§ YOUR ASSIGNMENT
Word for word, repeat the data; no picture should appear in the result.

§ DATASET SECTION
----

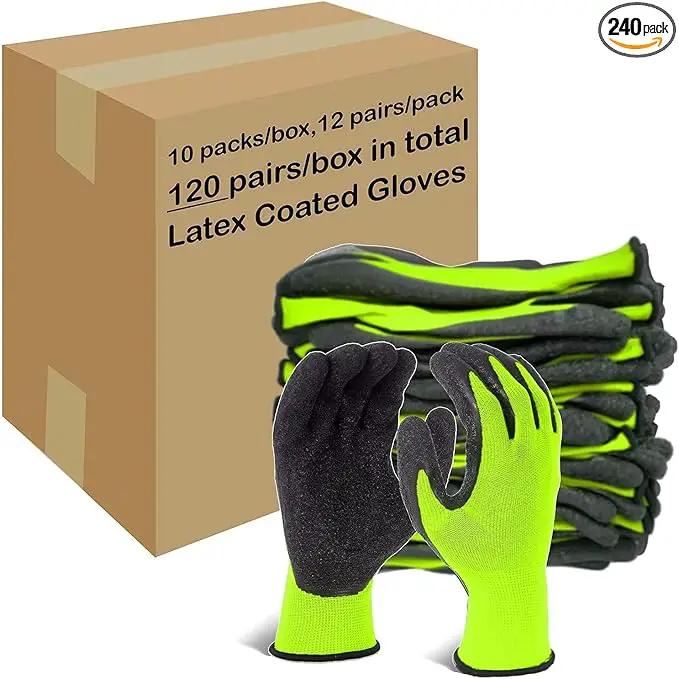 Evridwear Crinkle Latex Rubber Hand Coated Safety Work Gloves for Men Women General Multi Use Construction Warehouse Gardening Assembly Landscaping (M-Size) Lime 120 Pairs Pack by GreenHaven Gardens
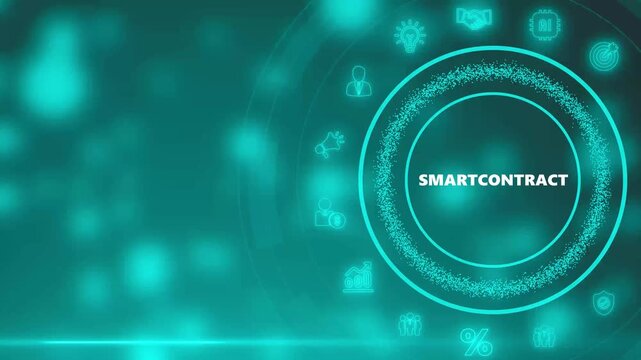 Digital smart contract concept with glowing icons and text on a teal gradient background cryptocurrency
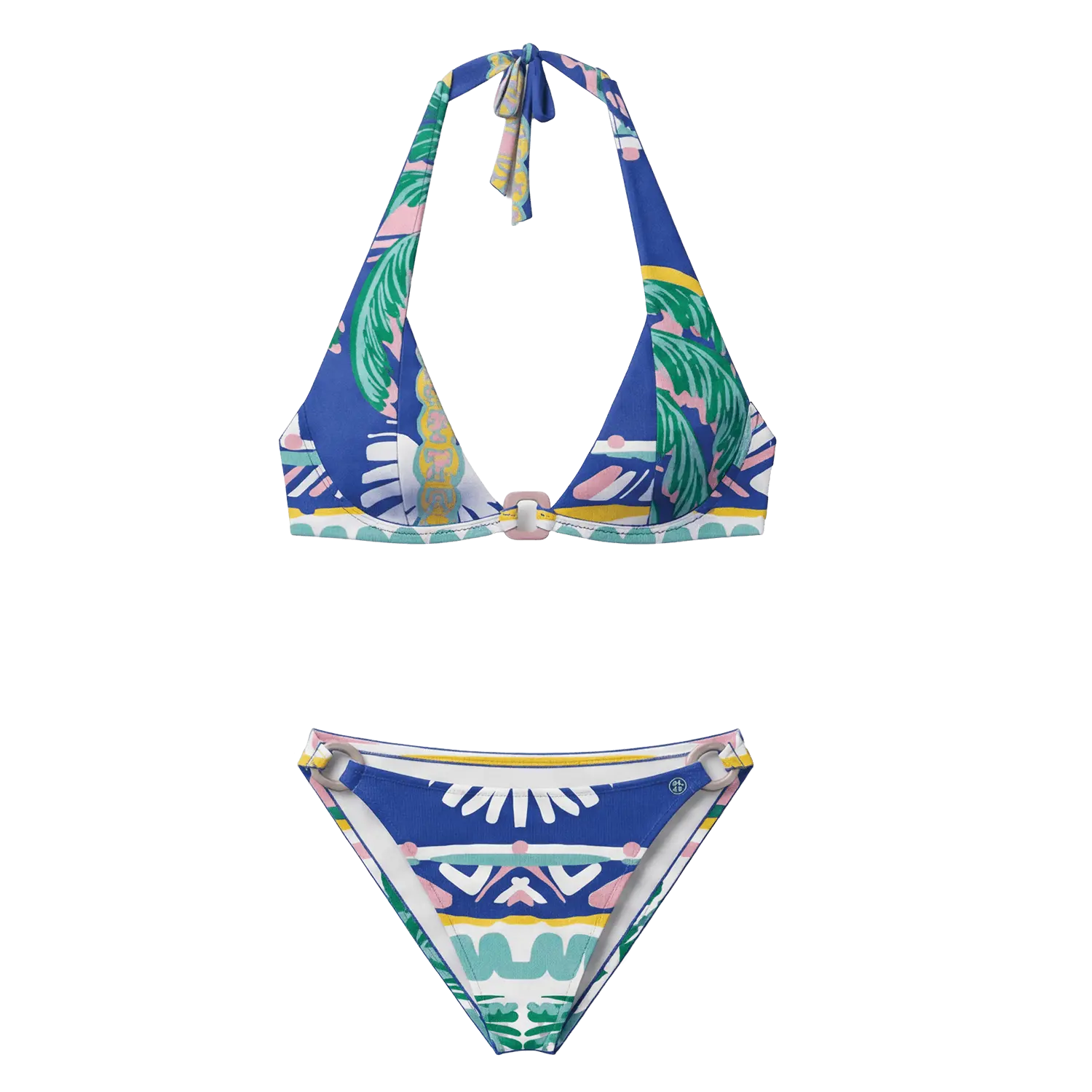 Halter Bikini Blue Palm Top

----

§ SOLVED PROBLEM
 Evridwear Crinkle Latex Rubber Hand Coated Safety Work Gloves for Men Women General Multi Use Construction Warehouse Gardening Assembly Landscaping (M-Size) Lime 120 Pairs Pack by GreenHaven Gardens
 Digital smart contract concept with glowing icons and text on a teal gradient background cryptocurrency
 Halter Bikini Blue Palm Top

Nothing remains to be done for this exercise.